» Data below
────────────────

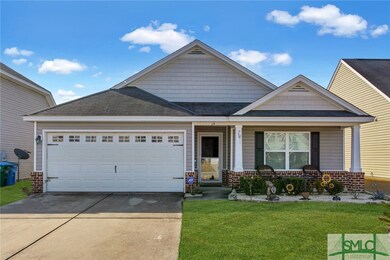 19 Miller Pond Rd, Port Wentworth, GA 31407 - photo 3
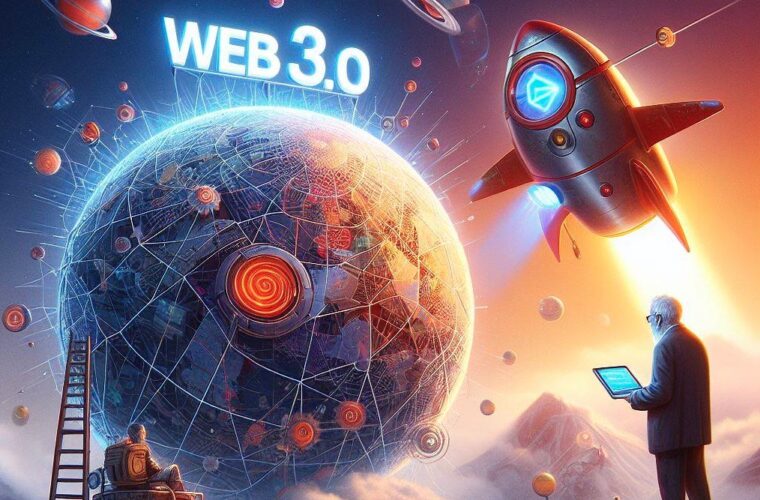Web 3.0, what happened to the internet revolution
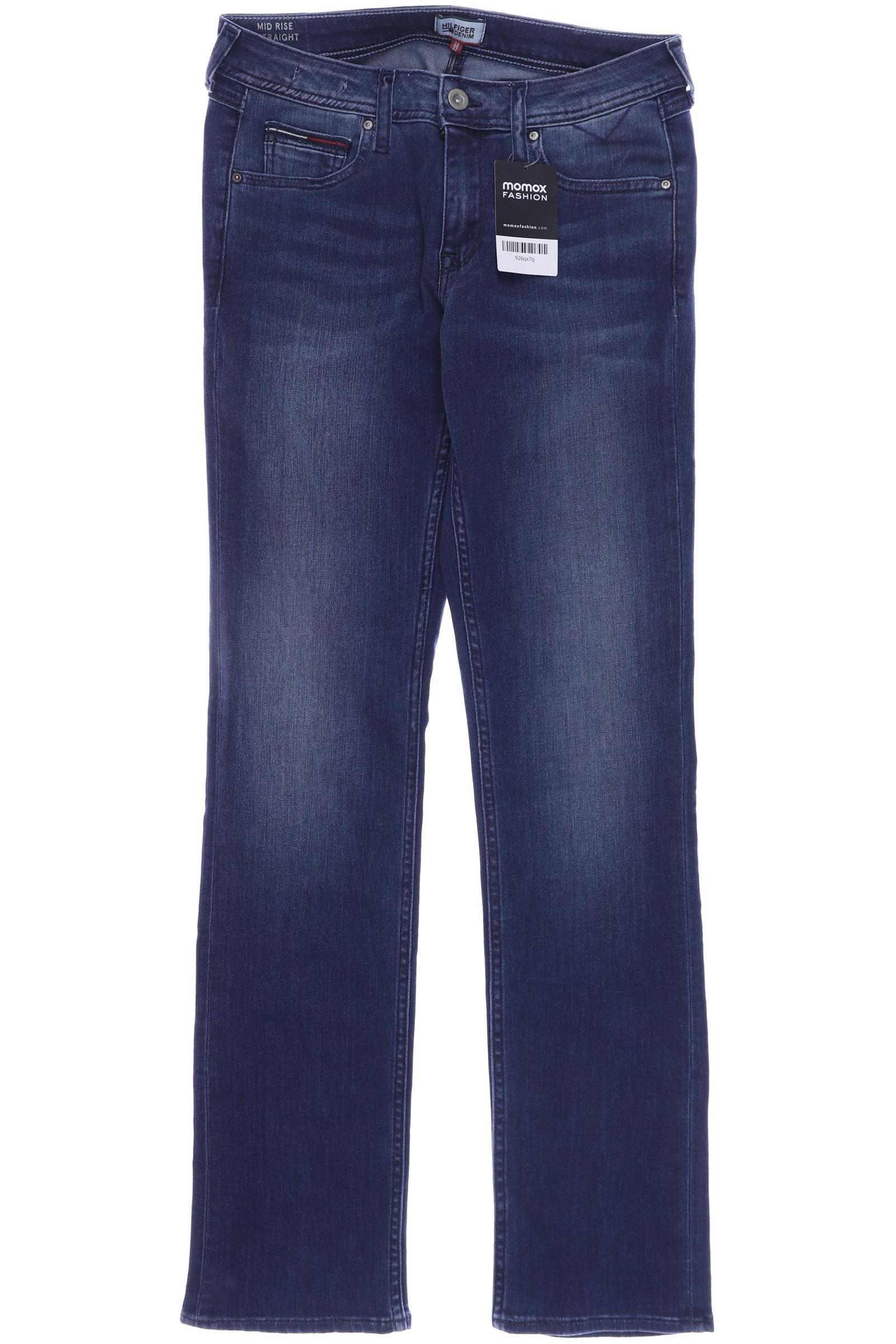 

Hilfiger Denim Damen Jeans, blau, Gr. 28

────────────────

» Work order
Print the data above exactly, minus pictures.

» Finished exercise
 19 Miller Pond Rd, Port Wentworth, GA 31407 - photo 3
Web 3.0, what happened to the internet revolution

Hilfiger Denim Damen Jeans, blau, Gr. 28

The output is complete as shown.